4. ### stndn macrumors member

Joined:
Oct 22, 2006
Location:
earth
#4
Here's something to get you started:

Code:
#!/usr/bin/perl -w

my $sampleText = "06/07/07 02:44:29.966 INFO Servlet.Engine.Transports : 0 accept: text/html, image/gif, image/jpeg, *; q=.2, */*; q=.2";$sampleText =~ m|^([^\s]+)\s+([^\s]+)\s+([^\s]+)\s+(.+?)(accept.*)$|i; print "$1 / $2 /$3 / $4 /$5\n";

Not the prettiest sight and most likely unefficient, but at least it should give you some ideas.

-stndn.

5. ### barr08 thread starter macrumors 65816

Joined:
Aug 9, 2006
Location:
Boston, MA
#5
Thanks for the sample. I should probably admit I am a complete PERL noob, so how would I go by making this work. Do I just make a text file and ad ".pl" to the end of it? What program would I use to run the script?

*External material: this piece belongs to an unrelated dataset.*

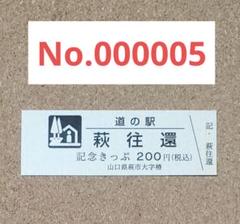 【レア】道の駅きっぷ 萩往還 005番 1桁番号 山口県 レア】道の駅きっぷ 萩往還 005番 1桁番号 山口県 - メルカリ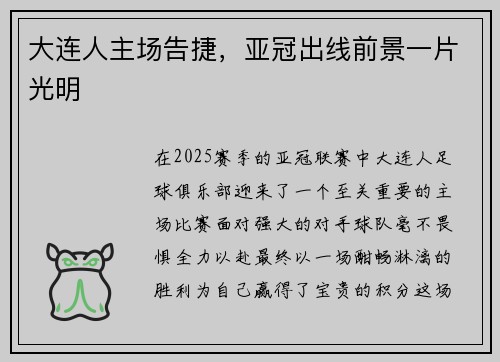 大连人主场告捷，亚冠出线前景一片光明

If PERL isn't the best choice for this task, could someone reccomend a better language to do this in?

6. ### iBert macrumors regular

Joined:
Jul 14, 2004
#6
Perl is a pretty good scripting language specially for parsing text. At least in my opinion.

When are you going to need the parser to be called? Is it like a web service (just to say something) or are you manipulating something in C, C++, Java, etc and need to call this parser?

7. ### stndn macrumors member

Joined:
Oct 22, 2006
Location:
earth
#7
I thought you wanted to have something in Perl, and then I realized you mentioned that Perl is not necessary in your initial post ,p

iBert has the right questions, which I'm going to add to: Is this text parsing a one-time deal? Or are you going to run the script every time you want to show the output in other format?

If it's a one time deal, then you can take the Perl script as your base, make some changes, save it as filename.pl, and run the script through perl parser (one of which can be done from command line / terminal by typing: perl filename.pl).

If it's an ongoing parsing (done per request), maybe change it to something like PHP or whatnot. Not that Perl can't be used for web, but PHP can be mixed with HTML more easily / intuitively than Perl, which seems like what you're looking for (add HTML to the output).

-stndn.

8. ### barr08 thread starter macrumors 65816

Joined:
Aug 9, 2006
Location:
Boston, MA
#8
This will be ongoing, per user request, so maybe PHP would be better? I am thinking of parsing the data to a MySQl database, though I am not sure right now if my company supports it.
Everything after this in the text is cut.